Rückkehr nach Europa
Von der "Rückkehr nach
Europa" sprach der frühere Dissident und heutige
tschechische Staatspräsident Vaclav Havel nach dem Zusammenbruch
des real existierenden Sozialismus für Osteuropa und meinte damit
das Verlangen, nicht länger von der Entwicklung der liberalen
europäischen Demokratien abgeschnitten zu sein. Heute, knapp
dreizehn Jahre später, ist immer noch kein osteuropäisches Land
Vollmitglied der EU.
Während Polen, Ungarn und
Tschechien bereits eingebunden sind in das Militärbündnis der
NATO, bemühen sich die Zivilgesellschaften dieser und weiterer
Länder nach wie vor, die ökonomischen Auflagen der EU zu
erfüllen. Größtenteils erreichen sie nur ein Viertel des
durchschnittlichen Brutto-Inlandsprodukts der EU-Staaten.

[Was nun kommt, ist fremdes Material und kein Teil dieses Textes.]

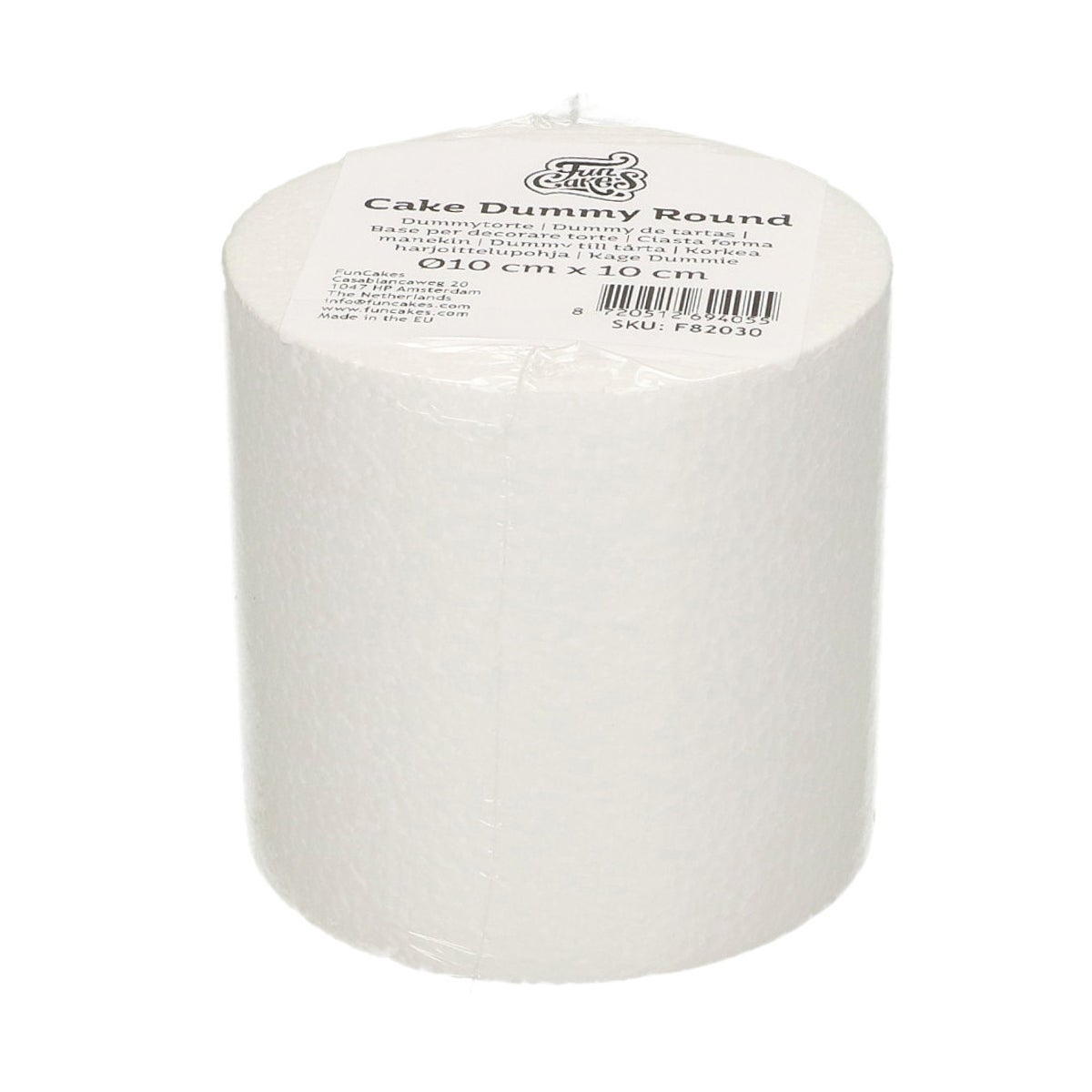 FunCakes Cake Dummy Round Ø10 cm x 10 cm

Die neue politische Klasse der
östlichen Länder will den EU-Beitritt so rasch wie möglich,
doch in der Gesellschaft macht sich zunehmende Skepsis breit. In
Polen etwa radikalisieren sich die Bauern und wehren sich schon
jetzt – teilweise gewaltsam – gegen EU-Importe
landwirtschaftlicher Produkte. Hier und da droht eine Ablehnung
des EU-Beitritts per Volksentscheid.
Auch bei den Alt-Mitgliedern hält
sich die Begeisterung über eine EU-Osterweiterung in Grenzen. In
Deutschland wird befürchtet, dass Kriminalität zunimmt, dass
einerseits Produktionsstätten in die östlichen
Niedriglohnländer abwandern, andererseits billige Arbeitskräfte
durch Migration zu Lohndumping führen.
Immerhin hat die EU eine so
genannte "Kommunikationsstrategie für die Erweiterung"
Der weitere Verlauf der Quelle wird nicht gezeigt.